## TASK PROMPT
In the listing beneath this line, copy exactly the lines starting with the one containing "王者荣耀星之破晓官方正版下载" and going on through the one containing "Perdido ave macho, Calle".

DATA FOR REVIEW section start

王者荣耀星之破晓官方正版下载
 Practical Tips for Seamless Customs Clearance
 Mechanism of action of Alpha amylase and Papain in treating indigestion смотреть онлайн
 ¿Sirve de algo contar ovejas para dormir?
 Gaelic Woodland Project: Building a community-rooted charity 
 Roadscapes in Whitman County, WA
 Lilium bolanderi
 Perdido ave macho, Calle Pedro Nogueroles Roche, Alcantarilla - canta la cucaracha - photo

DATA FOR REVIEW section end
DATA FOR REVIEW section start

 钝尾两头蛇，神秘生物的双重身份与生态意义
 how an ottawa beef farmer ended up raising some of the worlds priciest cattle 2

DATA FOR REVIEW section end

## ANSWER FOR THIS EXERCISE
王者荣耀星之破晓官方正版下载
 Practical Tips for Seamless Customs Clearance
 Mechanism of action of Alpha amylase and Papain in treating indigestion смотреть онлайн
 ¿Sirve de algo contar ovejas para dormir?
 Gaelic Woodland Project: Building a community-rooted charity 
 Roadscapes in Whitman County, WA
 Lilium bolanderi
 Perdido ave macho, Calle Pedro Nogueroles Roche, Alcantarilla - canta la cucaracha - photo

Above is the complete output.